But researchers have found that our gut instinct about whether those we encounter in the street pose a danger is as sharp when we are 80 as when we are 20.

They discovered that older people are as good as young adults at knowing when a stranger is potentially aggressive, and that being streetwise appears to be a skill honed in childhood but not fully reliable until adulthood.

Psycholgists from the University of Portsmouth wanted to examine our ability to assess real threats in strangers as we age against a backdrop of the debate about the effects of fear of crime in older people. They compared threat perception in 39 people aged 59-91, and in 87 people aged 20-28.

Ninety-five per cent of both groups correctly gauged the aggression, or level of intimidation, of five women and four men filmed walking on a treadmill.

The walkers had been selected after taking an ‘aggression test' to ensure they represented a wide cross-section of degrees of aggression.

Dr Liam Satchell, who headed the research team, said: ‘Older people can be reassured that their gut instincts about who is posing a danger are, generally, excellent. There was no difference in the ability of each adult group.
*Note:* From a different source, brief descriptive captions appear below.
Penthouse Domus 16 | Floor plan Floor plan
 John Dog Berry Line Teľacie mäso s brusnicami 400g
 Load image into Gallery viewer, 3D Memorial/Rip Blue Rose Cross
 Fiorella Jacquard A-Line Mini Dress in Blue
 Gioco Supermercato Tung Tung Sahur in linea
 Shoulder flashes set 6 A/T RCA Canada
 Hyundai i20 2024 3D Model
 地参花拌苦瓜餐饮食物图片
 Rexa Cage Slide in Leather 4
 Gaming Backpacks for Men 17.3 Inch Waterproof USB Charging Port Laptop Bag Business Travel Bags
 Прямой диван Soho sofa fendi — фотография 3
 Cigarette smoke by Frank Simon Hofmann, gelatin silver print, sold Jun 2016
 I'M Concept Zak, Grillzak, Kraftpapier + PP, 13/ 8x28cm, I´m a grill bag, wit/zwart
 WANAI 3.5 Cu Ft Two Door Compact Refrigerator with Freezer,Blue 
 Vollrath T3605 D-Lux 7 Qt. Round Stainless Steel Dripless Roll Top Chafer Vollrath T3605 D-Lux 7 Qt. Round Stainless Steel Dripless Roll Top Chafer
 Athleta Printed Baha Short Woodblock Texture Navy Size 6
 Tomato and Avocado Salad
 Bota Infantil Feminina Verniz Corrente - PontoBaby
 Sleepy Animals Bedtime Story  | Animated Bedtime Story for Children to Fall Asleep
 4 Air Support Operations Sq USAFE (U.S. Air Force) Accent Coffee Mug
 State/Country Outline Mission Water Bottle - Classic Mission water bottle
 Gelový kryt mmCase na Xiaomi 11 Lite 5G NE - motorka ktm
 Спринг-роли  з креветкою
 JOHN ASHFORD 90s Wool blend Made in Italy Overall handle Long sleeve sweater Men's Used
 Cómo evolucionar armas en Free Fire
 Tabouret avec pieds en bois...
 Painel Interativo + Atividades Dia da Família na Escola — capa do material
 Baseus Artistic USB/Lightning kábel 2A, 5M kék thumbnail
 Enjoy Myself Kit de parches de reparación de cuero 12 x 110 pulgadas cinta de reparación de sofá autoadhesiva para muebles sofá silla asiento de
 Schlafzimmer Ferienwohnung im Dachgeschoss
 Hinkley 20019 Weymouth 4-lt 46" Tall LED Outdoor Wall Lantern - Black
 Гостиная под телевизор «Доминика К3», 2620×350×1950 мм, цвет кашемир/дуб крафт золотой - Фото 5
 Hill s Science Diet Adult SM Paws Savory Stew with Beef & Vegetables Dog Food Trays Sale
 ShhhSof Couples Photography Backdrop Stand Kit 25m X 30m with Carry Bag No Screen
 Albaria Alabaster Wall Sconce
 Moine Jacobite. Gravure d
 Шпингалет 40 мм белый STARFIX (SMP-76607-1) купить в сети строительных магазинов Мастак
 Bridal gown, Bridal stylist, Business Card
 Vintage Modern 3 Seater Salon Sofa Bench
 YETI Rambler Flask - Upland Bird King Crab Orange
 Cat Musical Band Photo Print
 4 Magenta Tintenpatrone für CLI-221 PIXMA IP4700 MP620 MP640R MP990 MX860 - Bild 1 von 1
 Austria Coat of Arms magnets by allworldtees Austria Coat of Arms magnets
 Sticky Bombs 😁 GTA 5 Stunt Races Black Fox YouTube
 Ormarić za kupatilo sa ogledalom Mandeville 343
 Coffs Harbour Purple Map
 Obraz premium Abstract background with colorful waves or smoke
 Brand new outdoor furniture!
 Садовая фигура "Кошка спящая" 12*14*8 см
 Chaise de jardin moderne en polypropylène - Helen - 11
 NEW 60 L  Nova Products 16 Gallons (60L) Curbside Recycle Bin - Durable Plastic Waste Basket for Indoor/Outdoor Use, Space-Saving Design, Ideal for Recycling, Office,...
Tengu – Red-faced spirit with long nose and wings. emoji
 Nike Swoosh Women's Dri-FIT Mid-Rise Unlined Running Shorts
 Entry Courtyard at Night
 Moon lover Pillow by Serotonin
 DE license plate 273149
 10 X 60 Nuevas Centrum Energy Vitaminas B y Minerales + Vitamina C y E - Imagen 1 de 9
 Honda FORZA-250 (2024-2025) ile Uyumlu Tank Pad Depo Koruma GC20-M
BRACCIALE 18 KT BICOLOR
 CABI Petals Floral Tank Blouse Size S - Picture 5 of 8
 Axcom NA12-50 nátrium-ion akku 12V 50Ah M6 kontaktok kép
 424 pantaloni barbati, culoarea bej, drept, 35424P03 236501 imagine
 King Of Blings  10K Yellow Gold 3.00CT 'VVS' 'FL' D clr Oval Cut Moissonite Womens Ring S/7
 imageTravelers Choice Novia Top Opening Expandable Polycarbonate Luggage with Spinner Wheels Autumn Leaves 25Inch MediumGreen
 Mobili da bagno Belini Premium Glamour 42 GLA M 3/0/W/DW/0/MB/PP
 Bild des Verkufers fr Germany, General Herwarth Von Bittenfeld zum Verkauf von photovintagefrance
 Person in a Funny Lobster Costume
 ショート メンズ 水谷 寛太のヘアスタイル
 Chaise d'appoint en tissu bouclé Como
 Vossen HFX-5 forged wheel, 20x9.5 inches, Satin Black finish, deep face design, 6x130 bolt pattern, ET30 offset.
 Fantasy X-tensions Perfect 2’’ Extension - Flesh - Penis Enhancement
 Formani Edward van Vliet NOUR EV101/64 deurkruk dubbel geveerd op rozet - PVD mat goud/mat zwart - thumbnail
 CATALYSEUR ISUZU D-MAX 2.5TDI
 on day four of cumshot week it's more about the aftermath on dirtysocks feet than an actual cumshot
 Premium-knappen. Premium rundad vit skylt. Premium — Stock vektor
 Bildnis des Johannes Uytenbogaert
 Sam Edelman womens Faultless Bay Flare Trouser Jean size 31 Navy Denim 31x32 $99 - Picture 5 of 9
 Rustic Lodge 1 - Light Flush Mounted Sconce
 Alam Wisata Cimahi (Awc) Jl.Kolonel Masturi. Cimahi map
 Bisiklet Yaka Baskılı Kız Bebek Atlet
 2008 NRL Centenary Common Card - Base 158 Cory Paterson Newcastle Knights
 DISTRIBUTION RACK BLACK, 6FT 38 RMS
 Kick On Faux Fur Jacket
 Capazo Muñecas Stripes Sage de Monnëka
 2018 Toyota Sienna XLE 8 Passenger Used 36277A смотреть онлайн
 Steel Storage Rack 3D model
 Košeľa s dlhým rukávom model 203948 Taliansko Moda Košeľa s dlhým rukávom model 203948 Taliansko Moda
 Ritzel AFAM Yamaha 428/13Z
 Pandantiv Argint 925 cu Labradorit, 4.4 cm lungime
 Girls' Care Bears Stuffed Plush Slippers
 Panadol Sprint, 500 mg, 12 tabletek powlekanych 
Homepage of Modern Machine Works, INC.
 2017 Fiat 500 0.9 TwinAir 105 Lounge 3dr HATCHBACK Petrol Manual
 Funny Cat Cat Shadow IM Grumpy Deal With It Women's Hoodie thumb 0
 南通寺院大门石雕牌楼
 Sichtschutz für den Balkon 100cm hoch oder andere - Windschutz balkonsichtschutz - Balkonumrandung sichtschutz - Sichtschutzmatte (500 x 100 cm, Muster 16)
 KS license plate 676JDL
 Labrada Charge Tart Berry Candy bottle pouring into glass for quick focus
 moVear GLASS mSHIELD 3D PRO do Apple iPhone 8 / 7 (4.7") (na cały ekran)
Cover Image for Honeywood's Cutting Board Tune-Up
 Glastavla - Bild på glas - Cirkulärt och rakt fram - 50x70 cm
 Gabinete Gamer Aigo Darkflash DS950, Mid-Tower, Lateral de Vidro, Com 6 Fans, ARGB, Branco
The results could encourage older people to recognise they are street smart, that their gut instincts are spot on.'

The study, published in Europe's Journal of Psychology, is the latest in a series of research projects Satchell has led which together build a picture of how well we recognise the aggression of an approaching person from childhood to old age.

He has found that as children we are generally poor at judging threat. Some 13 to 15 year olds were are accurate in their assessments of threat, but there is a lot of variation in young people's reliability.

However, we develop sharper instincts around the age of 18-20, and these instincts do not decline as we age.